→ TASK
Using the records below, find every line that includes "files" and copy it.
::::::
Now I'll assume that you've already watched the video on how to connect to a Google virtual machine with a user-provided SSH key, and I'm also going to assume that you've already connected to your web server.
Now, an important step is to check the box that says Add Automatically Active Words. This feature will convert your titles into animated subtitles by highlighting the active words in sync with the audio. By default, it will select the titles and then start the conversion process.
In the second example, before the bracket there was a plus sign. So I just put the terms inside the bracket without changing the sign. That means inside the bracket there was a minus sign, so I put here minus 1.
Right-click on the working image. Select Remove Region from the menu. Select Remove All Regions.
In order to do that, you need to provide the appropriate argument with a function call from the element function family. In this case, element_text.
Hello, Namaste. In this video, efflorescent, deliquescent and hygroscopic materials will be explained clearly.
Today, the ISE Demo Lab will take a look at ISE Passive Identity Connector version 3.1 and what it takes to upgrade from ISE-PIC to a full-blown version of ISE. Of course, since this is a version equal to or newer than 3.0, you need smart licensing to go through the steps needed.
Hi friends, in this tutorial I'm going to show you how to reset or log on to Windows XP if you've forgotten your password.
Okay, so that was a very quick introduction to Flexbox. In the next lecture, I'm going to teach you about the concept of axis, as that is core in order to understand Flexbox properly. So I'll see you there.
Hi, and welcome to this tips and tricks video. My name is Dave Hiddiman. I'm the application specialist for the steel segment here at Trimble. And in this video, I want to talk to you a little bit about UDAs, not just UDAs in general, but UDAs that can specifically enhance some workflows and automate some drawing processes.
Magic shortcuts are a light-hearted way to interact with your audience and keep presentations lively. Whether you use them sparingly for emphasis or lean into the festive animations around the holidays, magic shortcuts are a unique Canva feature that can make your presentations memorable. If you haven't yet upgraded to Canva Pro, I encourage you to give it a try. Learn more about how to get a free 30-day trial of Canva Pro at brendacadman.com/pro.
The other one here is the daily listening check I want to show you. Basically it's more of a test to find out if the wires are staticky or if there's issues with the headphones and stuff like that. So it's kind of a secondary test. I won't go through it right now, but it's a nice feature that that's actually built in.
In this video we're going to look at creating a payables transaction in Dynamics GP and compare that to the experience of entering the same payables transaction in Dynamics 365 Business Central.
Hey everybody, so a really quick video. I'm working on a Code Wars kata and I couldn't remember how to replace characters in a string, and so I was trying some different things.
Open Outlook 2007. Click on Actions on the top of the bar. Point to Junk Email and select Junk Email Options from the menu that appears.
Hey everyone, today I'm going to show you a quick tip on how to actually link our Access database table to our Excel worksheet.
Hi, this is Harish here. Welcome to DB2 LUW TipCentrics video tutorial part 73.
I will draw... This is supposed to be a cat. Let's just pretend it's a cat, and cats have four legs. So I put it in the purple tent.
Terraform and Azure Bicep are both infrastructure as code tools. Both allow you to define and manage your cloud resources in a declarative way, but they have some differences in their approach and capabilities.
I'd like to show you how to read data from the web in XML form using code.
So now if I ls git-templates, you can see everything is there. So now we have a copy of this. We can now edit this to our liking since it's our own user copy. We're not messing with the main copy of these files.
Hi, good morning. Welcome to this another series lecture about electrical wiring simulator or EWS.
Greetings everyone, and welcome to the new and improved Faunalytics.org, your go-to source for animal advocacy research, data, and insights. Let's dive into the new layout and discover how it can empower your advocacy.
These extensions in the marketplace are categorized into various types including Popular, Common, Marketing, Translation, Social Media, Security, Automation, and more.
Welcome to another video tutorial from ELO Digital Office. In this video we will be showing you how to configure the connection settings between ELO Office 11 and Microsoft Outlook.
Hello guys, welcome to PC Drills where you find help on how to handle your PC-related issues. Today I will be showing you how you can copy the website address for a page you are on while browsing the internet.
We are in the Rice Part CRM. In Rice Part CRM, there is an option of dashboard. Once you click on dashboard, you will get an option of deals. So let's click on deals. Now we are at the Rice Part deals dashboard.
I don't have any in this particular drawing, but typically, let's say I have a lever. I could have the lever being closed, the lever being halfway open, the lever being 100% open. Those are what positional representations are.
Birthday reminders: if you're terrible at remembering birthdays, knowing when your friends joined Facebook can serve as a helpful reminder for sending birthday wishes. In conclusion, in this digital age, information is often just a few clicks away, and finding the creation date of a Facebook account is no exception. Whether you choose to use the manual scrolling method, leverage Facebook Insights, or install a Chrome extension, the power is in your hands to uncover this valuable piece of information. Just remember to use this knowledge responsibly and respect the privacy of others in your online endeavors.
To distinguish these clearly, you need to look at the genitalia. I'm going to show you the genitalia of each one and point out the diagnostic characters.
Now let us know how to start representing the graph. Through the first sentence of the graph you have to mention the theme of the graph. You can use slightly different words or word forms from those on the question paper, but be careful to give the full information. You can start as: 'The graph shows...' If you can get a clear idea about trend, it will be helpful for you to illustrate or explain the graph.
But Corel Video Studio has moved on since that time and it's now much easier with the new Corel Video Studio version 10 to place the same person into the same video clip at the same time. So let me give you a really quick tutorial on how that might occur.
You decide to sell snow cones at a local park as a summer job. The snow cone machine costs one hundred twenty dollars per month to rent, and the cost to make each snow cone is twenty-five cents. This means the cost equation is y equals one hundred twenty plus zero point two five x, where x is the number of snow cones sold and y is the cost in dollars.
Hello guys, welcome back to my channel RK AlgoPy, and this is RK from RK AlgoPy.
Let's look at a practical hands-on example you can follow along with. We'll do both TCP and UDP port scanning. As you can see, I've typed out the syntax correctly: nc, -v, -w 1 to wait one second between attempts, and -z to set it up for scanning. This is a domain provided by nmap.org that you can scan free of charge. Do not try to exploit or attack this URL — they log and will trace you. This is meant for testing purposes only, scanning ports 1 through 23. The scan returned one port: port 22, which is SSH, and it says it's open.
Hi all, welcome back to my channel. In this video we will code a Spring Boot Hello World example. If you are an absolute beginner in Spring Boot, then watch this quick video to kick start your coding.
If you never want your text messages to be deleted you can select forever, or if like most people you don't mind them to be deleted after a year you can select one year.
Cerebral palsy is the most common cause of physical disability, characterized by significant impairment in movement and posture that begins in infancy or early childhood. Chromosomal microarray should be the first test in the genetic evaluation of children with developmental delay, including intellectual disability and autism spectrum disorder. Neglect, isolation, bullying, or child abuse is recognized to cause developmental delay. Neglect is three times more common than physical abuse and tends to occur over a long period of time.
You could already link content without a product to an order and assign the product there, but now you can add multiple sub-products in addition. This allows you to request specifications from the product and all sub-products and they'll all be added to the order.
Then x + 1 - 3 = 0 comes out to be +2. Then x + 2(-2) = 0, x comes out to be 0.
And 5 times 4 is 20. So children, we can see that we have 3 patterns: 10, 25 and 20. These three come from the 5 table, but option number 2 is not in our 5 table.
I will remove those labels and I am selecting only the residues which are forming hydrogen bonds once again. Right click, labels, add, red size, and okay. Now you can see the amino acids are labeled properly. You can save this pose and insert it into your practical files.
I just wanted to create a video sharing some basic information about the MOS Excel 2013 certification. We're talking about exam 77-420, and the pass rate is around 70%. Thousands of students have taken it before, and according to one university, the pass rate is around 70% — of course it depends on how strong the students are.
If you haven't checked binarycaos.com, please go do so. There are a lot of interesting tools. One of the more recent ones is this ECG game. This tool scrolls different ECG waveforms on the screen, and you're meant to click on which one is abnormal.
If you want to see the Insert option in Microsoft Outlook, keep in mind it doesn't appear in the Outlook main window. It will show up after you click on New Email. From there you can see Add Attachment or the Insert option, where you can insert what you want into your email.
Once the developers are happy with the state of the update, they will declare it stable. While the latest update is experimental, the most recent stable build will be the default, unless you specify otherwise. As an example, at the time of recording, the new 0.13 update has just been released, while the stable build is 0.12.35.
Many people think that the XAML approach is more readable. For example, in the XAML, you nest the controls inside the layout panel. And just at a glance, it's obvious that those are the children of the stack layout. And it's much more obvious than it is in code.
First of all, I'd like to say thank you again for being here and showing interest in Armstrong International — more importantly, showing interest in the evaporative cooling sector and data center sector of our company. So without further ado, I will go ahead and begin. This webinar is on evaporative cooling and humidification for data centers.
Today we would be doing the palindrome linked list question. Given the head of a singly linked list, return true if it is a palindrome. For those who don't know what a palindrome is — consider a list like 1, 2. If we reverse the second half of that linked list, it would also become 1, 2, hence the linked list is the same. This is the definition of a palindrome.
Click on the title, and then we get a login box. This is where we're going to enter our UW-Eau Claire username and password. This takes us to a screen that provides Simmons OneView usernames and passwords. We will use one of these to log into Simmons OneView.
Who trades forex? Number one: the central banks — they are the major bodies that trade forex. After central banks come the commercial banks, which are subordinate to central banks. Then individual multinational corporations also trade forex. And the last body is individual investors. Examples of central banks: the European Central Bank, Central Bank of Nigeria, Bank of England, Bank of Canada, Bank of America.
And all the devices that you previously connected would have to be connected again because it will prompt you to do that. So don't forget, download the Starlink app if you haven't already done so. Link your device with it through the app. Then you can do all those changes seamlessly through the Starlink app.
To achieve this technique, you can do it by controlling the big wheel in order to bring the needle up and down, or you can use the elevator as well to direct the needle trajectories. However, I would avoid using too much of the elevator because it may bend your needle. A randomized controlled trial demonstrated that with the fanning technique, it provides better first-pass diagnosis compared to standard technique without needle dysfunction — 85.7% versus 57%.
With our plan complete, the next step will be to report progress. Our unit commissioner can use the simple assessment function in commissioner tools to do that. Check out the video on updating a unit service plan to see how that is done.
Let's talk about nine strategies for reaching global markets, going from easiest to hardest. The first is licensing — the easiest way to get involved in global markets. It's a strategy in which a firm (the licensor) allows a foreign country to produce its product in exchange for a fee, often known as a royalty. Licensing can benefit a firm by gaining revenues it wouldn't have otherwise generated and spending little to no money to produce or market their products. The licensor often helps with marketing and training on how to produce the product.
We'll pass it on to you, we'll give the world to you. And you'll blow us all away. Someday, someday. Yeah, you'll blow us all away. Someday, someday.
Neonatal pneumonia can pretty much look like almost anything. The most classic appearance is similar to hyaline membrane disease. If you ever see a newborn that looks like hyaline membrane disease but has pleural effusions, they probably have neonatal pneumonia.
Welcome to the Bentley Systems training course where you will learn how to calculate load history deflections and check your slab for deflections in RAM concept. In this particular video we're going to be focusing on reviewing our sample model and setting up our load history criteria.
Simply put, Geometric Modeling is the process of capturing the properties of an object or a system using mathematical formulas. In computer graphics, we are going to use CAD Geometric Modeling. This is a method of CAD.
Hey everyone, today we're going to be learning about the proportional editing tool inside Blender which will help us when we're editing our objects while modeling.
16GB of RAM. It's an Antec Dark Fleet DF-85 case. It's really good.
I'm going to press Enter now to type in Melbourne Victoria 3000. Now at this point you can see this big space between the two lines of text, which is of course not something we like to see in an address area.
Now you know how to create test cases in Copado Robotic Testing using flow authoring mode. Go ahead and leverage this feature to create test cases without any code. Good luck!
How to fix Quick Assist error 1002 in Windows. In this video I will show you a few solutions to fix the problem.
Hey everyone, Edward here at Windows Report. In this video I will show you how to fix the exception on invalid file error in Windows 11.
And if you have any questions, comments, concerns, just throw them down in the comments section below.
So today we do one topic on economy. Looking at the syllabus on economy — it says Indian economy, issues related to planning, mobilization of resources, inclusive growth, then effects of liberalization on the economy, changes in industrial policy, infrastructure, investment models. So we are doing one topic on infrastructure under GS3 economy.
::::::
→ ANSWER FOR THIS EXERCISE
So now if I ls git-templates, you can see everything is there. So now we have a copy of this. We can now edit this to our liking since it's our own user copy. We're not messing with the main copy of these files.
I will remove those labels and I am selecting only the residues which are forming hydrogen bonds once again. Right click, labels, add, red size, and okay. Now you can see the amino acids are labeled properly. You can save this pose and insert it into your practical files.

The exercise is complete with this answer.